#### [Exercise objective]
Reproduce all of the data that follows, character for character.

BEGIN Listed entries

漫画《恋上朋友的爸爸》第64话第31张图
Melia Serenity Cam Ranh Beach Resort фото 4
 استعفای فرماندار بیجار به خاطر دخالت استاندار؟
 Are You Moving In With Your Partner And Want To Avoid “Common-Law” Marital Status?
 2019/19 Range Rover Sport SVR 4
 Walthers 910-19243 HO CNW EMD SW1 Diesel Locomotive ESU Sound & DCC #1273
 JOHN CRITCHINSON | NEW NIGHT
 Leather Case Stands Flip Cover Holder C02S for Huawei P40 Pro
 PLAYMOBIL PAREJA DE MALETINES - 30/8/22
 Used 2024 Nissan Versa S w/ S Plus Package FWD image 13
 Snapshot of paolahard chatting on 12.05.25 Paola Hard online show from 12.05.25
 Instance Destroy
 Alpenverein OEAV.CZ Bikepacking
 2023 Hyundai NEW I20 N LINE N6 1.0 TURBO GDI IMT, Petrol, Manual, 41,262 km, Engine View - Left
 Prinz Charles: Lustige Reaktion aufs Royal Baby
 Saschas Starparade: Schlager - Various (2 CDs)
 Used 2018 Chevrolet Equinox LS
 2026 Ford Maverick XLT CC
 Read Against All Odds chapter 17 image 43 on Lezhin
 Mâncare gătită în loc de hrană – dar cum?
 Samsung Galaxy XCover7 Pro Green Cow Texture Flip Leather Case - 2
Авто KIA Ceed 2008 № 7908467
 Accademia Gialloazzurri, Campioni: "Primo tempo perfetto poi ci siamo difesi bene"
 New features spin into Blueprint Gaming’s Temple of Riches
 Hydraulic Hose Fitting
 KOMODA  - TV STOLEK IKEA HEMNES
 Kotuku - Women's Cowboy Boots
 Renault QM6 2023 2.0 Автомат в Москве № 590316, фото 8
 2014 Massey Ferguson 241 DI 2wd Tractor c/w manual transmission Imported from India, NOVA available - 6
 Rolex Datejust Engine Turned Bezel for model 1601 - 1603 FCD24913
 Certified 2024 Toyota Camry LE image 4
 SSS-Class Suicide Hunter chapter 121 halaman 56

END Listed entries

#### [Finished exercise]
漫画《恋上朋友的爸爸》第64话第31张图
Melia Serenity Cam Ranh Beach Resort фото 4
 استعفای فرماندار بیجار به خاطر دخالت استاندار؟
 Are You Moving In With Your Partner And Want To Avoid “Common-Law” Marital Status?
 2019/19 Range Rover Sport SVR 4
 Walthers 910-19243 HO CNW EMD SW1 Diesel Locomotive ESU Sound & DCC #1273
 JOHN CRITCHINSON | NEW NIGHT
 Leather Case Stands Flip Cover Holder C02S for Huawei P40 Pro
 PLAYMOBIL PAREJA DE MALETINES - 30/8/22
 Used 2024 Nissan Versa S w/ S Plus Package FWD image 13
 Snapshot of paolahard chatting on 12.05.25 Paola Hard online show from 12.05.25
 Instance Destroy
 Alpenverein OEAV.CZ Bikepacking
 2023 Hyundai NEW I20 N LINE N6 1.0 TURBO GDI IMT, Petrol, Manual, 41,262 km, Engine View - Left
 Prinz Charles: Lustige Reaktion aufs Royal Baby
 Saschas Starparade: Schlager - Various (2 CDs)
 Used 2018 Chevrolet Equinox LS
 2026 Ford Maverick XLT CC
 Read Against All Odds chapter 17 image 43 on Lezhin
 Mâncare gătită în loc de hrană – dar cum?
 Samsung Galaxy XCover7 Pro Green Cow Texture Flip Leather Case - 2
Авто KIA Ceed 2008 № 7908467
 Accademia Gialloazzurri, Campioni: "Primo tempo perfetto poi ci siamo difesi bene"
 New features spin into Blueprint Gaming’s Temple of Riches
 Hydraulic Hose Fitting
 KOMODA  - TV STOLEK IKEA HEMNES
 Kotuku - Women's Cowboy Boots
 Renault QM6 2023 2.0 Автомат в Москве № 590316, фото 8
 2014 Massey Ferguson 241 DI 2wd Tractor c/w manual transmission Imported from India, NOVA available - 6
 Rolex Datejust Engine Turned Bezel for model 1601 - 1603 FCD24913
 Certified 2024 Toyota Camry LE image 4
 SSS-Class Suicide Hunter chapter 121 halaman 56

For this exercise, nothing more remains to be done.